Wellsir, I must have been getting the rich man's scrapple. That's probably why I didn't like it much.

;D

Diane Amberg

 Here it's not out of a can.  It's a fresh one or two pound block wrapped in plastic.  Rapa scrapple is made right here and at the Amish market you can have it sliced out of the big pan.  Teresa, you are right, now that I'm retired, I just might make my own.  If I'm not too lazy. ;)  I like mine with a bit of ketchup, or even better, as a breakfast sandwich on toast.  I like mush too.  Do you all get Lebanon Bologna out there now?  I know Kansas didn't used to have it.  Kermit did you have time to ever go to the 9th st. Italian market in Philly?  Good Amish dried beef makes the best sos too.  Very smokey and not so salty tasting, in my personal opinion.

kdfrawg

Among others. That was back when I could walk, and I did a lot of it. I worked at 1600 Arch. I had a company apartment on JFK next to the Hilton, with a view of the Penn statue. I found some of the best markets and diners of my life inside about a one square mile area of downtown Philly.

Diane Amberg

 Yeah, I know what you mean... Al can't get his scooter through, the sidewalk is too full and he wouldn't dare take it into the street.  I really miss the spice market and the two cheese shops.  But we still go to the Reading Terminal Market, not as large but pretty much has the same thing.  Don't you love city hall?  Nothing else in the world like it.  And the real delis are second to none...except they scare me to death!  All that hollering and yelling.  You better know what you want and be quick about it.  Al laughs at me.

kdfrawg

It is odd how quickly a newly minted California boy (still mainly a Nebraska boy) got used to the hustle and bustle of Philly.
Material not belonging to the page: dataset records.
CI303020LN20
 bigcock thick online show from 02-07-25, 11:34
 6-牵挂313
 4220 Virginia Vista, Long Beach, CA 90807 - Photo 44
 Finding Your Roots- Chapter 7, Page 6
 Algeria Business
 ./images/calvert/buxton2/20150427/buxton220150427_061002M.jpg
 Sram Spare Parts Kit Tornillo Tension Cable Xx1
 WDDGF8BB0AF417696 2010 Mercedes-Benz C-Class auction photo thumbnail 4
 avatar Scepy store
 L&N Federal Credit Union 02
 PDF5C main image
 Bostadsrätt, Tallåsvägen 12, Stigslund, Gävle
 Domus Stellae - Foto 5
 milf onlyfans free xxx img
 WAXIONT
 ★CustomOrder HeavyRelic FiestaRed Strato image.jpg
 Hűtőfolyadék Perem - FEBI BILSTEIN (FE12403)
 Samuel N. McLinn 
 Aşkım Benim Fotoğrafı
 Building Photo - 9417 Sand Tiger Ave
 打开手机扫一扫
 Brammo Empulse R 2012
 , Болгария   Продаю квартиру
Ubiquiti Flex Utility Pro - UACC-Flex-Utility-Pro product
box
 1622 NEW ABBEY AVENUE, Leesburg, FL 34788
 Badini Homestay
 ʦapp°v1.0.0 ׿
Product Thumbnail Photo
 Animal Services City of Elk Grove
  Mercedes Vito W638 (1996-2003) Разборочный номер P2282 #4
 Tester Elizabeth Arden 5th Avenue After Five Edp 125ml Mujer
The delis were marvelous and, you're right, loud. The diners were steamy and smoky and, yes, loud. But inside a week I was getting my order in like the veterans and jostling with the cabbies for space. Some of my fondest memories are from the tiny Italian restaurants that had been there forever in the early seventies and probably are there still. My father and I once discovered, by retracing the necessary steps from the Navy Yard, that we had eaten in the same second-floor Philly Italian restaurant about 25 years apart.